▸ **Assignment**
In the entries below, find the line with "SUNUO Washable Reusable" and the line with "Professional Nail Files". Return those two lines and all lines between them, exactly.

▸ **Extracted information**

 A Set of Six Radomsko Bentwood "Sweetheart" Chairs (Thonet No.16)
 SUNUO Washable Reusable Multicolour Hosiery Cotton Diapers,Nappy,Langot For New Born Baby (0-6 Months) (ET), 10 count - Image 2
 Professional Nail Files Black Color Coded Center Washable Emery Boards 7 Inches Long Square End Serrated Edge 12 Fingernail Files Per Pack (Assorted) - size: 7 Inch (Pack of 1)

---

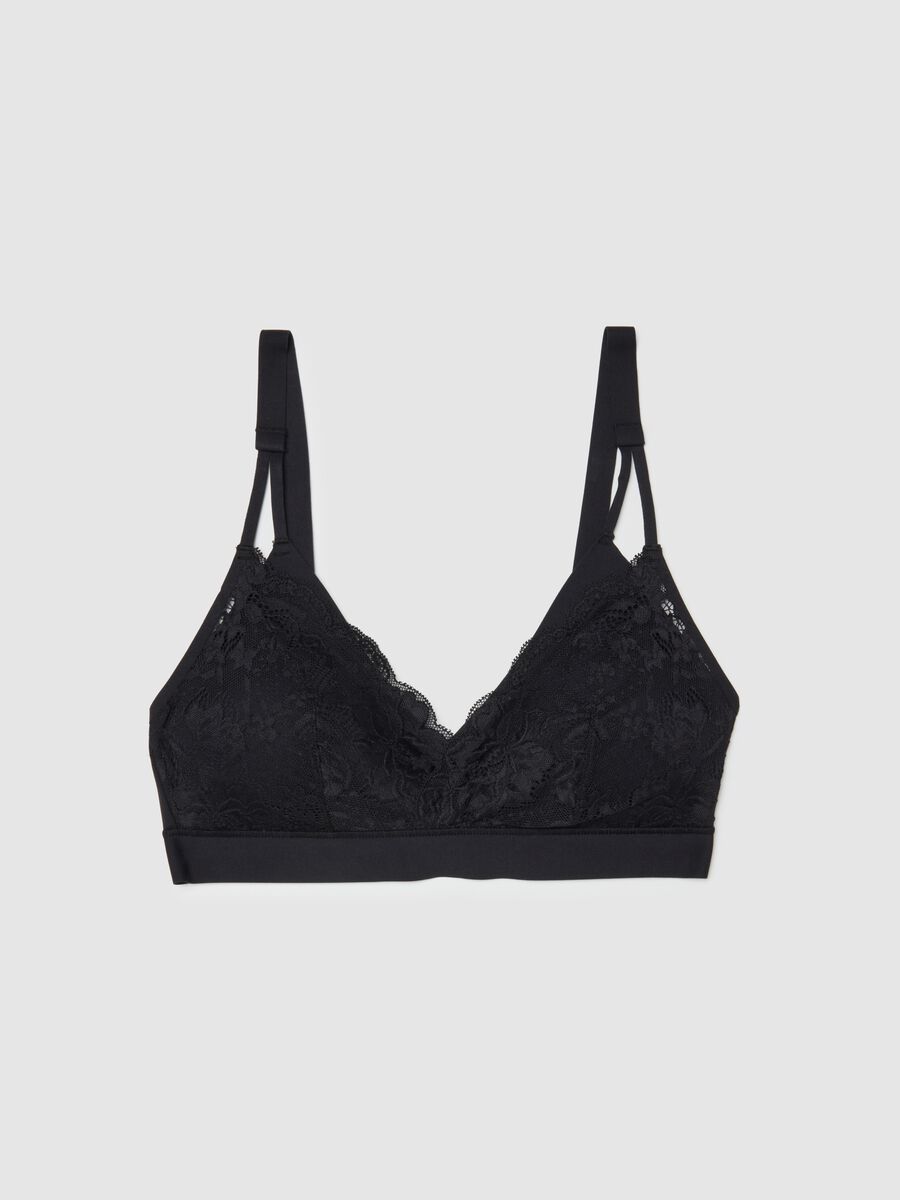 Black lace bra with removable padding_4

▸ **Answer space**
 SUNUO Washable Reusable Multicolour Hosiery Cotton Diapers,Nappy,Langot For New Born Baby (0-6 Months) (ET), 10 count - Image 2
 Professional Nail Files Black Color Coded Center Washable Emery Boards 7 Inches Long Square End Serrated Edge 12 Fingernail Files Per Pack (Assorted) - size: 7 Inch (Pack of 1)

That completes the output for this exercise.